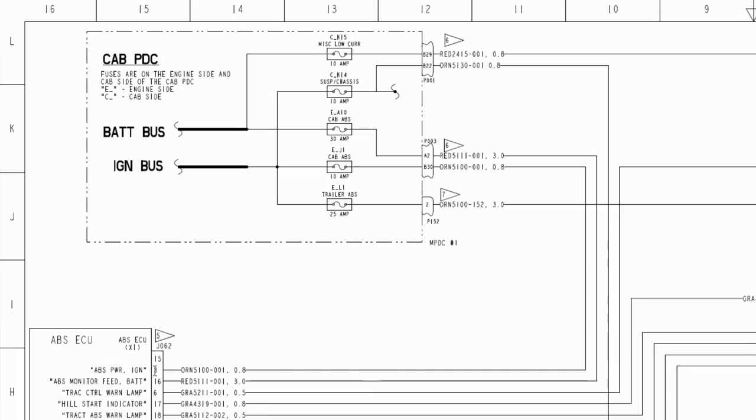It comes through here to B30 of this connector, through this fuse. It's 10 amp, labeled cab ABS.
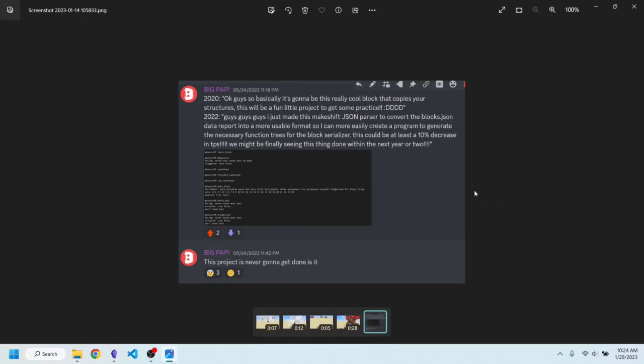I basically spent quite a while making a giant loot table. I won't go into all the details, but I just thought it was kind of funny.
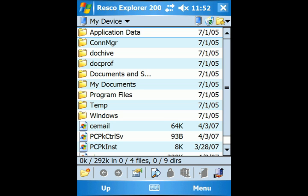The main function of Resco Explorer 2007 is managing files. By tapping on a folder and its subfolders, you can browse and access its content.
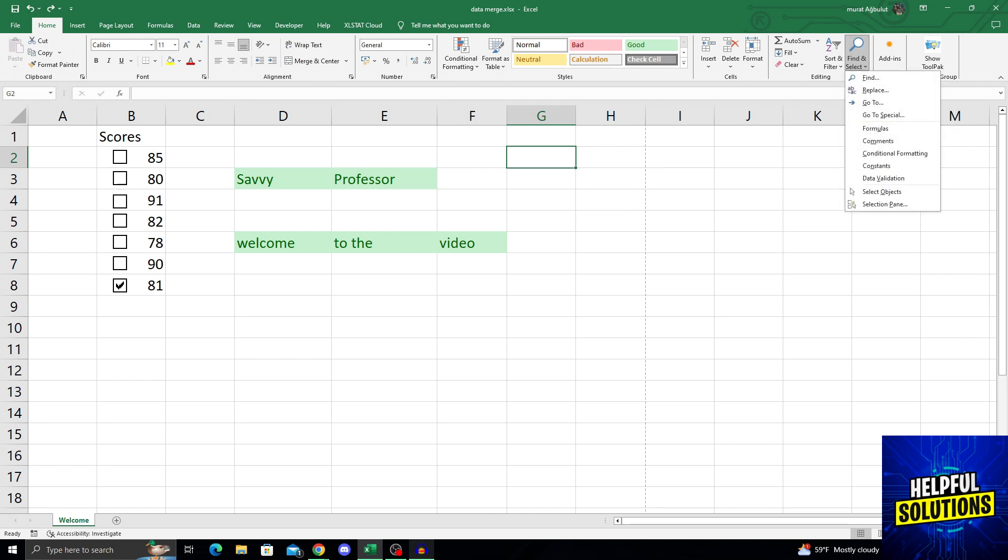And then at the bottom of the new option that comes up, I will just go all the way down like this, and find the select objects button.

══════════════════════════════

**Your instructions**.
Print exactly, and only, the lines from the line containing "I basically spent" to the last line of the material above, with every picture left out.

**Reply**.
I basically spent quite a while making a giant loot table. I won't go into all the details, but I just thought it was kind of funny.
The main function of Resco Explorer 2007 is managing files. By tapping on a folder and its subfolders, you can browse and access its content.
And then at the bottom of the new option that comes up, I will just go all the way down like this, and find the select objects button.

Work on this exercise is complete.